Written By Alan Zeichick And Presented By Chuck Leaver
SysSecOps. That’s a new phrase, still not known by lots of IT and security administrators – but it’s being discussed within the market, by experts, and at technical conferences. SysSecOps, or Systems & Security Operations, refers to the practice of bringing together security teams and IT operations teams to be able to ensure the health of enterprise technology – and having the tools to be able to respond most successfully when issues happen.
SysSecOps focuses on taking down the information walls, interrupting the silos, that get between security teams and IT administrators.
IT operations staff exist to ensure that end-users can access applications, and that critical infrastructure is operating 24 × 7. They wish to maximize access and accessibility, and require the data required to do that job – like that a brand-new employee needs to be provisioned, or a disk drive in a RAID array has stopped working, that a brand-new partner needs to be provisioned with access to a secure document repository, or that an Oracle database is ready to be migrated to the cloud. It’s all about innovation to drive business.
Exact Same Data, Various Use-Cases
While using endpoint and network monitoring details and analytics are clearly customized to fit the diverse requirements of IT and security, it ends up that the underlying raw data is in fact the same. The IT and security teams just are looking at their own domain’s problems and situations – and taking actions based upon those use-cases.
Yet often the IT and security teams need to collaborate. Like provisioning that new business partner: It should touch all the best systems, and be done securely. Or if there is an issue with a remote endpoint, such as a mobile phone or a mechanism on the Industrial Internet of Things, IT and security may have to interact to determine precisely what’s going on. When IT and security share the same data sources, and have access to the very same tools, this job becomes much easier – and thus SysSecOps.
Imagine that an IT administrator spots that a server hard disk is nearing total capacity – and this was not expected.

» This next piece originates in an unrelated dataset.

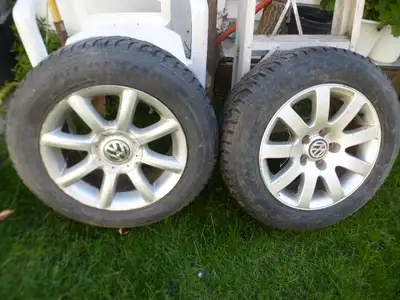 2 Pneus de hiver de Volkswagen 195-65-15, seulement 100$ 2 Winter tires on mags Volkswagen, only 100...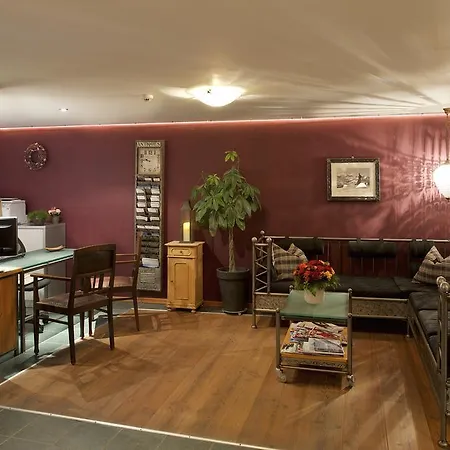 22 Summits Aparthotel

Maybe the network had actually been breached, and the server is now being used to steam pirated films across the Web. It happens, and finding and fixing that issue is a task for both IT and security. The data gathered by endpoint instrumentation, and displayed through a SysSecOps-ready tracking platform, can assist both sides working together more efficiently than would occur with conventional, distinct, IT and security tools.
SysSecOps: It’s a brand-new term, and a new concept, and it’s resonating with both IT and security groups. You can discover more about this in a short nine-minute video, where I talk with a number of industry professionals about this topic: “Exactly what is SysSecOps?”